John Everett Frazee, supervisor of drawing and instructor of manual training in the Red Bank schools, died on Saturday at his home at Leonardville, in Middletown township, aged 28 years. Death was caused by pneumonia. He had been ailing about two weeks with the grip, but had kept at his duties until last Wednesday, when he gave up work. He sank rapidly from that time until his death at about eight o'clock on Saturday night.
Mr. Frazee was the son of Sarah V. and the late Stephen Frazee and was born at Herbertsville, in Ocean county. As a boy he was naturally bright and at the age of seventeen he was teaching in the public school at Whitings. After teaching there a part of the term and at West Farms for four years he gave up teaching and went to the state normal school to finish his education. He took the regular course of study at the normal, besides a special course in manual training. In the meantime he took a course in art and drawing at the Prang art school at New York. He had a particular liking for manual training and drawing and after graduating from the normal school he devoted his attention to this line of work. He taught these branches of study in the public schools at Cape May City for one year and three years ago he came to Red Bank. He divided his time between the three schools, instructing all the grades in manual training and supervising the drawing. He was skilled in both these branches of study and the scholars made remarkable progress under his guidance.
Mr. Frazee was popular with his associates in school work and also with the scholars. He was a young man of exemplary habits and he had a genial disposition that made him popular with every one with whom he came in contact. His unexpected death was a great shock to the teachers and scholars of the school, as well as to his many friends and acquaintances. He was a member of the Golden Eagles and the American Mechanics lodges of Farmingdale.

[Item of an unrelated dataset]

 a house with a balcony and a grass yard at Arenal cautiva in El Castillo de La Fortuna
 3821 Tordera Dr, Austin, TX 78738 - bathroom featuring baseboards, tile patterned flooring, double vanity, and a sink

Besides a mother Mr. Frazee leaves four sisters and three brothers. His sisters are Mrs. Harry E. Lee of Allenwood, Mrs. Fred B. Allen of South Amboy, Miss Rebecca S. Frazee, who is superintendent of kindergarten work in the public schools at Plainfield, and Miss Etta Frazee, who teaches in the public school at Leonardville. His brothers are Thomas F. Frazee of Manasquan, James A. Frazee of Allenwood and Henry P. Frazee of Elizabeth. Mr. Frazee, his sister Etta and his mother kept house together in Burry Mills's house at Leonardville.
The funeral was held this morning at half-past eleven o'clock at the Methodist church at Allenwood. The funeral was conducted by Rev. E. V. Stultz and his son, Rev. W. D. Stultz. The pastor of the Allenwood church assisted in the service. The children of the ninth, tenth and eleventh grades of the Red Bank school sent a floral piece, and there were other floral tributes from the eighth grade and from the teachers. The pallbearers were Howard Cole, James E. Weaver, Archie Brown and Percy Davis, the four boys of the eleventh grade; and Thomas Bennett and Charles Cumberson of the tenth grade. The body was buried at Manasquan.